本発明は、酸素還元触媒およびその製造方法に関し、さらに詳しくは初期性能と起動停止耐久性に優れた燃料電池を与える酸素換還元触媒およびその製造方法に関する。
固体高分子型燃料電池(PEFC)は、固体高分子電解質をアノードとカソードとで挟み、アノードに燃料を、カソードに酸素または空気を供給し、カソードで酸素が還元されることで電気を取り出す形式を有する燃料電池である。燃料には水素またはメタノールなどが主として用いられる。従来、燃料電池の反応速度を高め、燃料電池のエネルギー変換効率を高めるために、燃料電池のカソード表面やアノード表面には、触媒を含む層が設けられている。この触媒としては、一般的に貴金属が用いられており、貴金属の中でも高電位で安定かつ、活性が高い白金が主として用いられる。また、この触媒金属を担持する担体としては、従来カーボンブラックが使用されてきた。
ところで、このPEFCでは、起動と停止との繰り返し運転中にカソードが一時的に高電位、例えば1.5Vくらいに曝される。そのような高電位下においては、水の存在下で担体であるカーボンが酸化腐食され、担体の分解および劣化が起こることが知られている。担体の劣化によりPEFCの発電性能は低下する。さらに、担体の劣化により貴金属の凝集が促進され、発電性能はさらに低下する。
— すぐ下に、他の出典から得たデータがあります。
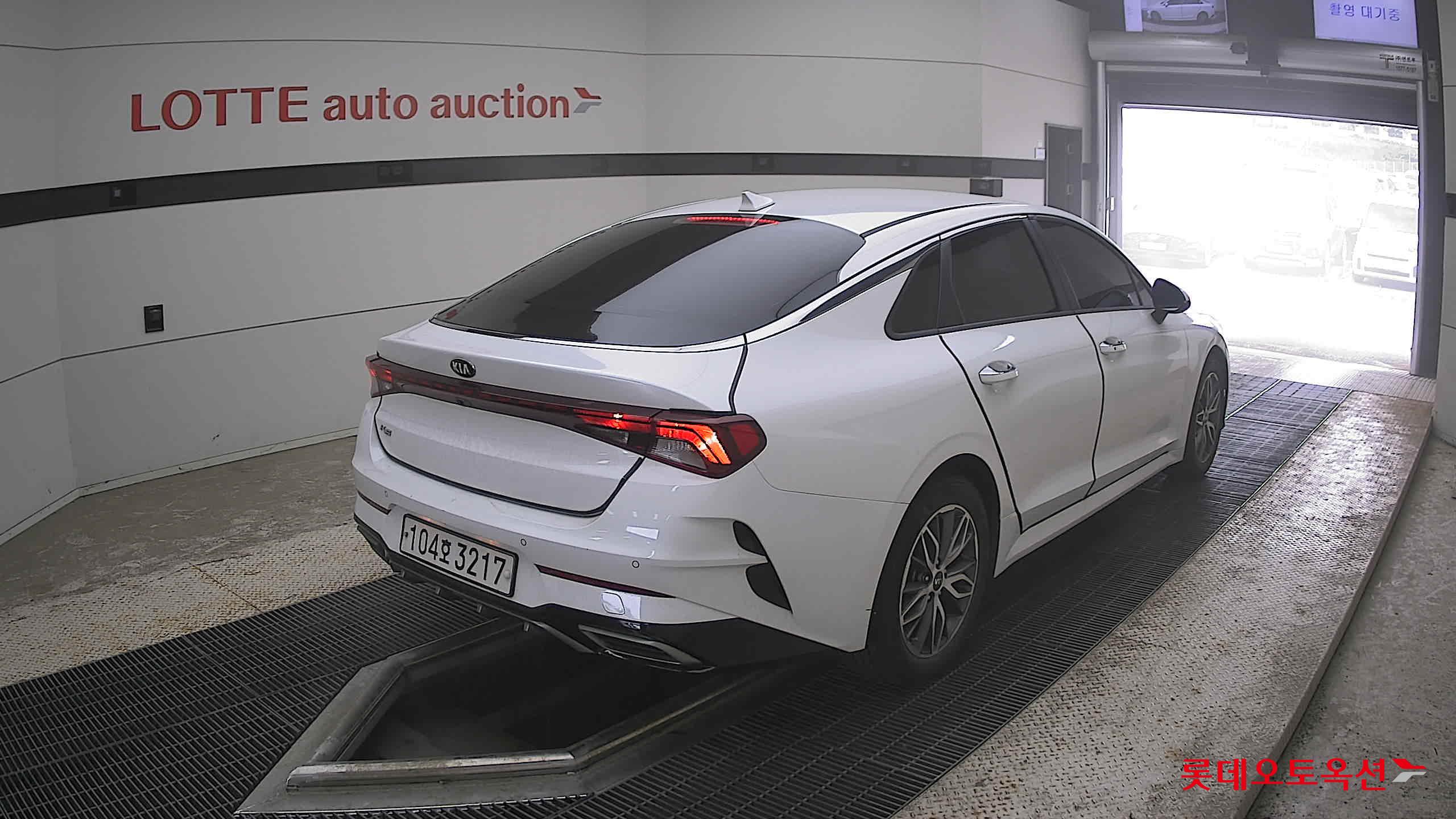 2020 - kia k5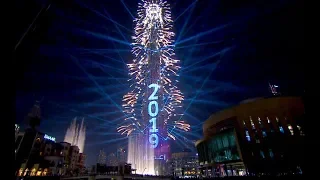 Dubai Burj Khalifa New year 2019 Fireworks:Best New Year Fireworks: world record-setting Show🐪🎆🎇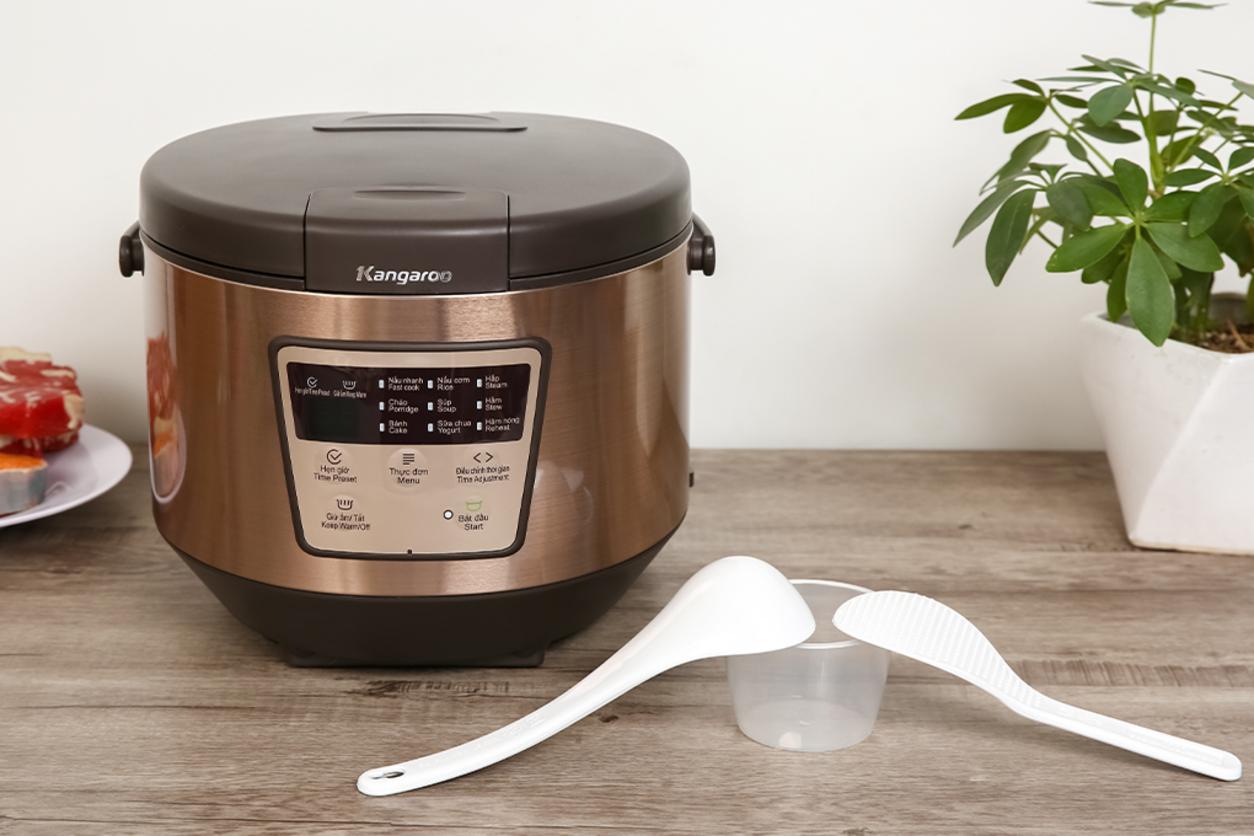 Dung tích 1.8L — phù hợp gia đình 4–6 người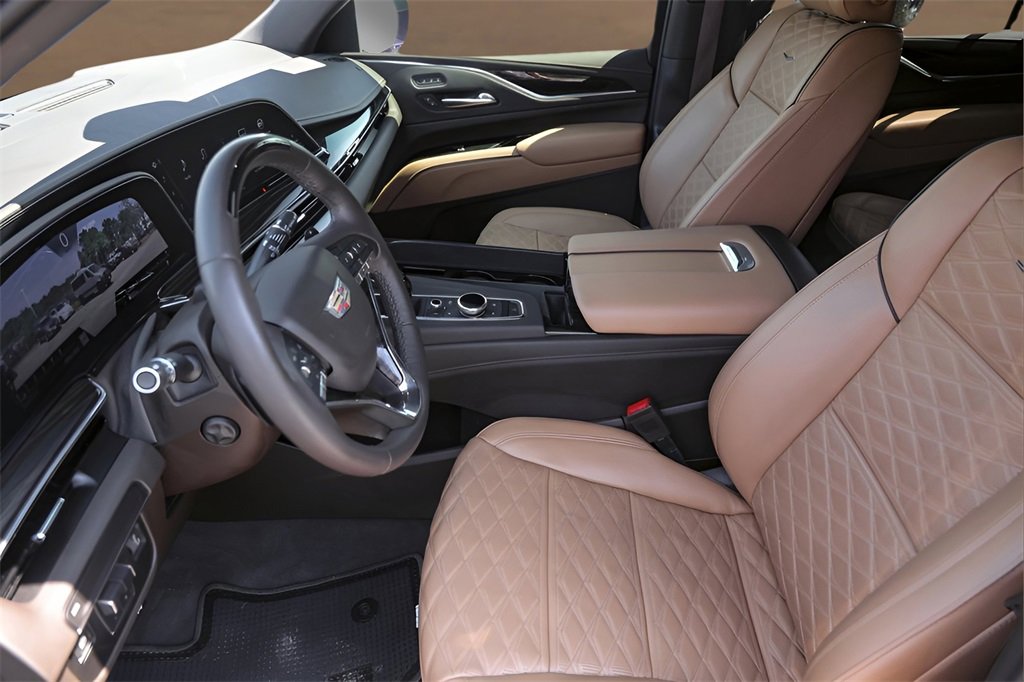 2023 Cadillac Escalade ESV Sport photo 8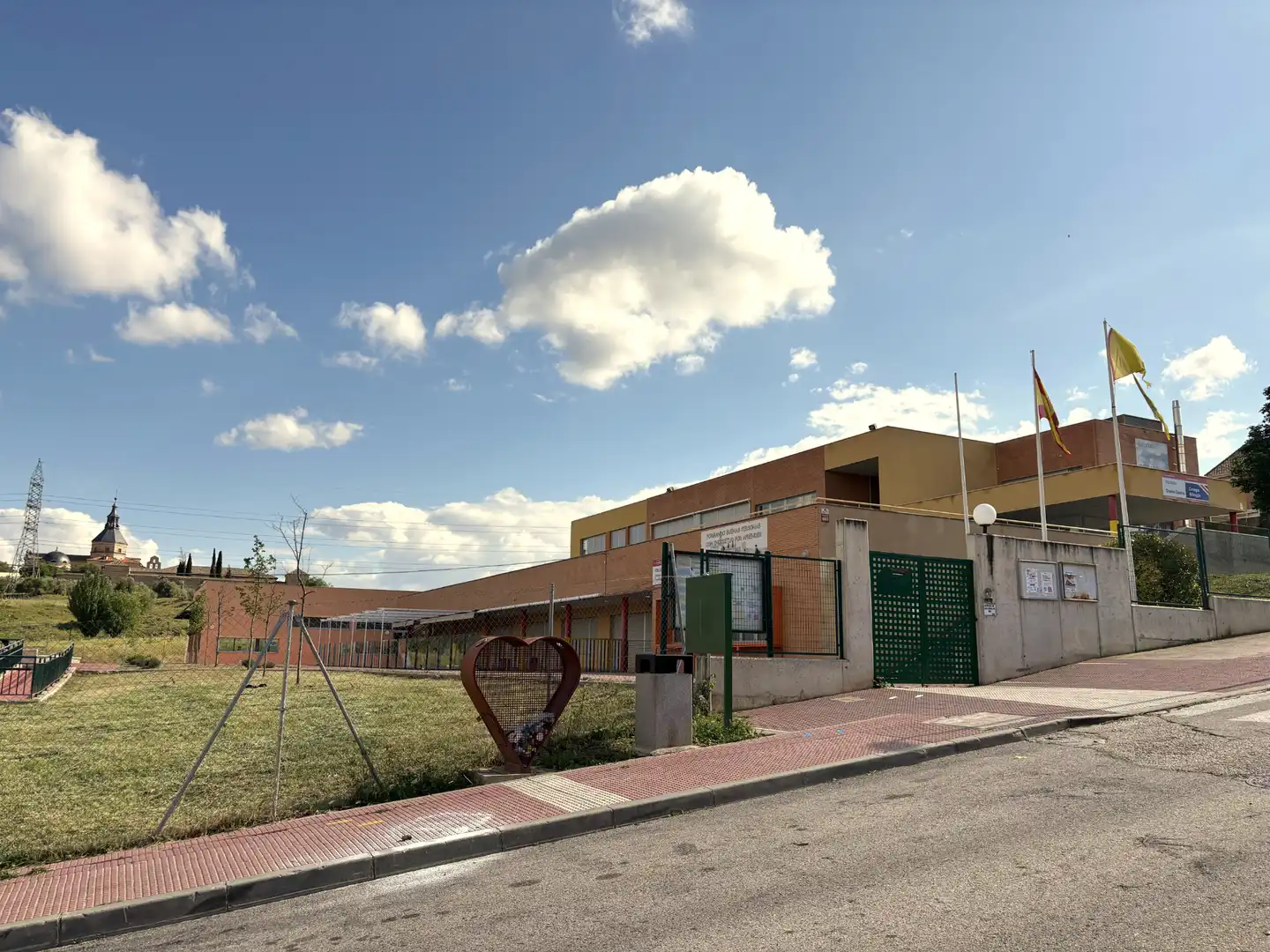 Vista exterior de Casa o chalet en venta en Loeches con Aire acondicionado, Calefacción y Parquet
そのため、起動および停止にともなう高電位に耐性をもつ担体または触媒、およびそれを用いた燃料電池用電極触媒が求められていた。
特許文献1には、窒素含有有機物と金属とを含む原料を炭素化して得られた触媒担持用担体が記載されている。特許文献2には、遷移金属含有化合物、窒素含有有機化合物および溶媒を混合して触媒前駆体溶液を得る工程1、前記触媒前駆体溶液から溶媒を除去する工程2、および固形分残渣を500〜1100℃の温度で熱処理して電極触媒を得る工程3を含み、前記遷移金属含有化合物の一部または全部が、遷移金属元素として周期表第4族および第5族の元素から選ばれる遷移金属元素M1を含有する化合物であることを特徴とする製造方法によって製造された燃料電池用電極触媒が記載されている。特許文献3には、チタン、鉄、ニオブ、ジルコニウムおよびタンタルからなる群より選択される金属元素Mを含有する化合物のガス、炭化水素ガス、窒素化合物ガスならびに酸素化合物ガスを、600〜1600℃で反応させる工程を含む製造方法によって製造された触媒が記載されている。特許文献4には、金属としてニオブ等を含む金属炭窒酸化物からなる触媒用担体が記載されている。
しかし、上記いずれの担体または触媒も、起動および停止にともなう高電位に対する十分な耐性を有していなかった。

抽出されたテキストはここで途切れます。